# SOURCE MATERIAL
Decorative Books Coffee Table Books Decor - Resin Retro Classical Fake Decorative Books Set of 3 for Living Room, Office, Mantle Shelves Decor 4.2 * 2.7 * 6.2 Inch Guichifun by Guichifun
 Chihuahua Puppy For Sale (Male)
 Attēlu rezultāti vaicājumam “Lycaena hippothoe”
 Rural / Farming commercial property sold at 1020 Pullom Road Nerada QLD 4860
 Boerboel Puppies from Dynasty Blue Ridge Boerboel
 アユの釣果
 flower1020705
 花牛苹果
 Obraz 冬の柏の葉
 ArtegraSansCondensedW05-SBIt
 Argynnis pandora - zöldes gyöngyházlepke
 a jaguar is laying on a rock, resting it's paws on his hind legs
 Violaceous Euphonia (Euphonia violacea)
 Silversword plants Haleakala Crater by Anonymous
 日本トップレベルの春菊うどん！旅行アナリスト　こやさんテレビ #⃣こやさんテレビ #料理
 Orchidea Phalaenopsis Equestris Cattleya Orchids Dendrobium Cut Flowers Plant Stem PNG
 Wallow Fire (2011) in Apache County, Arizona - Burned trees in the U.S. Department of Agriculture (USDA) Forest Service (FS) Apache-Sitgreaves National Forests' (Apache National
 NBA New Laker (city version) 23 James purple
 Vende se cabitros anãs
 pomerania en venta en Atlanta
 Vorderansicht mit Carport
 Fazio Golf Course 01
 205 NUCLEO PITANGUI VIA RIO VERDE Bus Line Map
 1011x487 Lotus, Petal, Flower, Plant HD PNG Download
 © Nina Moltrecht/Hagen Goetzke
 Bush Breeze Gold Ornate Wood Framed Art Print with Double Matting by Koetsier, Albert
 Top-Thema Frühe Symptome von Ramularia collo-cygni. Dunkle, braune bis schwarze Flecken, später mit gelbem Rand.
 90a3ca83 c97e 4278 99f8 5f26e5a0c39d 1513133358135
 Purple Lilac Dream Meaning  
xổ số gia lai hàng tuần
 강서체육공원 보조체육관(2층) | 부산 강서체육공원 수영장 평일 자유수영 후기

# WORK ITEM
Give back, word for word, only the lines above from the line holding "Violaceous Euphonia (Euphonia violacea)" to the line holding "Vende se cabitros anãs", both included.

# SOLUTION TO THIS TASK
 Violaceous Euphonia (Euphonia violacea)
 Silversword plants Haleakala Crater by Anonymous
 日本トップレベルの春菊うどん！旅行アナリスト　こやさんテレビ #⃣こやさんテレビ #料理
 Orchidea Phalaenopsis Equestris Cattleya Orchids Dendrobium Cut Flowers Plant Stem PNG
 Wallow Fire (2011) in Apache County, Arizona - Burned trees in the U.S. Department of Agriculture (USDA) Forest Service (FS) Apache-Sitgreaves National Forests' (Apache National
 NBA New Laker (city version) 23 James purple
 Vende se cabitros anãs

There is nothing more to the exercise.